En el corredor de su casa, con el abdomen apoyado contra el barandal de madera, Adolfo levantó la cabeza y luego una mano a la altura de la frente. Un costado del fuselaje resplandecía bajo el sol. Las hélices, casi incorpóreas, chisrtaban al batir la luz de la una de la tarde. El resto de la nave —los flotadores, las alas, el fondo del fuselaje descendiendo en ángulo obtuso para formar la quilla— aparecía más oscuro, plo­mizo en contraste con las partes bañadas por el sol. Hasta creyó distinguir la silueta de una ca­beza a través de la ventanilla de la cabina cuando la nave, contra su costumbre, inclinó las alas. El destello único, elíptico, más hiriente en el centro que en los bordes difusos, le nubló la vista y su mano cayó sobre los párpados y la punta de la nariz. Los ojos se le llenaron de viborillas rojas, verdes, azules y negras, revolviéndose y cosqui­lleándole el interior de los párpados. Cuando volvió a levantar la cabeza la nave descendía al mismo tiempo que viraba hacia el oeste.
—¿Va a aterrizar? —preguntó la hermana desde algún punto del corredor, y por el ruido de sus zapatos supo que la niña saltaba.

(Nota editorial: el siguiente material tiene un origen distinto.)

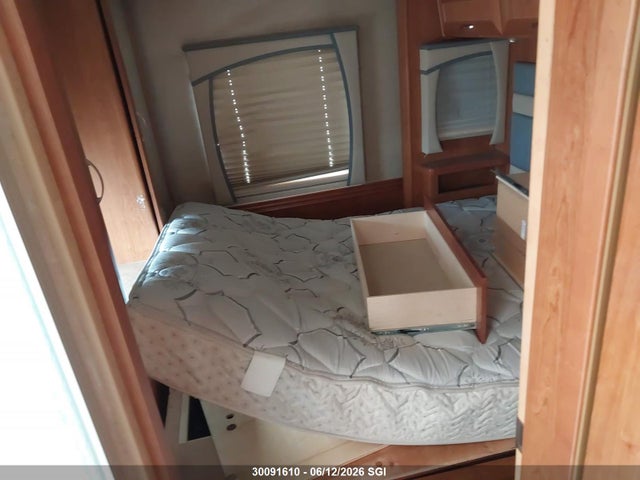 Продажа на аукционе авто 2011 Ford Econoline E450 Super Duty Cutwy Van, vin: 1FDXE4FS7BDA33066, номер лота: 30091610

—No, niña; no puede aterrizar. Los hidro­aviones acuatizan —y los dos corrieron hacia el fondo de la casa, atropellándose por ganar la de­lantera. Corrió como un niño y no como el ado­lescente ensimismado y quieto que era, olvidado por un momento de su edad sensorialmente in­trovertida; más que introvertida lánguida; so­berbia más que lánguida, y aún más que soberbia desconcertada—.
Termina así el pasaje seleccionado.